SGC Talks Fall Elections and Student Concerns to Be Addressed
The Ithaca College Student Governance Council (SGC) held its first meeting of the 2022-2023 academic year on August 29, during which it introduced all new members of the Board of Trustees and Senate , discussed the fall elections and talked about current student concerns.
Fall 2022 elections for freshmen interested in running for SGC Executive Council and Senate positions begin September 4. The executive council has three vacancies: vice president of communications, vice president of campus affairs, and student liaison with the Council of Alumni — but the liaison officer is ex officio appointed by the Council of Alumni Associations. In the 2021-22 academic year, junior James Zampetti served as vice president of communications and ran again for the position in the spring 2022 election. Senior Senate Speaker Austin Ruffino said that during the summer, Zampetti had transferred to the University of Rochester.
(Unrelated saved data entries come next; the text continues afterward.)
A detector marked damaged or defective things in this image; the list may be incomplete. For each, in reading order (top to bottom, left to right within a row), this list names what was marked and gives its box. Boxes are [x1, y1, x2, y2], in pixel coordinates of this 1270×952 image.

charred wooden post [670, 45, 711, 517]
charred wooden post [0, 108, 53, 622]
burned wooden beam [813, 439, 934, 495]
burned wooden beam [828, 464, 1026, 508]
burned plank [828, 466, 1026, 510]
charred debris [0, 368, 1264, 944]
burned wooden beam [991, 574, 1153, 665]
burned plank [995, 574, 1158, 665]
Ruffino also said the candidate who was elected in the spring for vice president of campus affairs, senior Soumyaa Joshi, resigned for personal reasons over the summer.
The senate has a lot open positions including the two senators from the class of 2023, a To classify of Senator 2024, the two Senators from the Class of 2026, the Transferred Senator, the Varsity Athlete Senator, the Club Athlete Senator, the Off-Campus Senator, the Graduate Senator, four Senators at-large and Senators from the School of Business, the School of Communications, the School of Music, Drama and Dance and the School of Humanities and Science.
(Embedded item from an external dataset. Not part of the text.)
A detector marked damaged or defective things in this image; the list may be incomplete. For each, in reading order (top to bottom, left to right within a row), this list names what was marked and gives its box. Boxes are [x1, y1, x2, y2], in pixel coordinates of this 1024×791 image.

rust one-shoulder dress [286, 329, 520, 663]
Sarah Boniche, Associate Director of Student Engagement for the Office of Student Engagement, introduced herself as the new Council Advisor. She worked as Residence Manager in the Lower Quads from July 2018 to March 2020, according to her Linkedin account, and returned to college in the summer of 2022 to begin her new college roles.
The electoral file must be submitted on September 7 and the candidates will be able to campaign from September 9.–16. The Board will host a Platform Pitch Night on September 13, where candidates can present their campaign points to students. Ruffino said via email that all applicants must have two endorsements, rather than signatures.
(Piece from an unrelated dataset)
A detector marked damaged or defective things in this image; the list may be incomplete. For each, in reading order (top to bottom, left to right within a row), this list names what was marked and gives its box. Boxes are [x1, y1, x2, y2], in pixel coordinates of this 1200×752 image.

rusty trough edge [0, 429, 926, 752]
Voting for the fall elections will take place September 14-16. Students will be able to vote for open positions at the SGC via online voting forms available on IC Engage. “We’re going to try something new,” Ruffino said. “We’re actually going to have a table set up in the middle of campus where people can come and vote and maybe get a sticker and candy. Something like that.”
Some senators are creative in their campaign strategies. Sophomore Noah Richardson, a senator for the class of 2025, said he used Instagram in the fall of 2021 when he first ran and again in the spring 2022 election.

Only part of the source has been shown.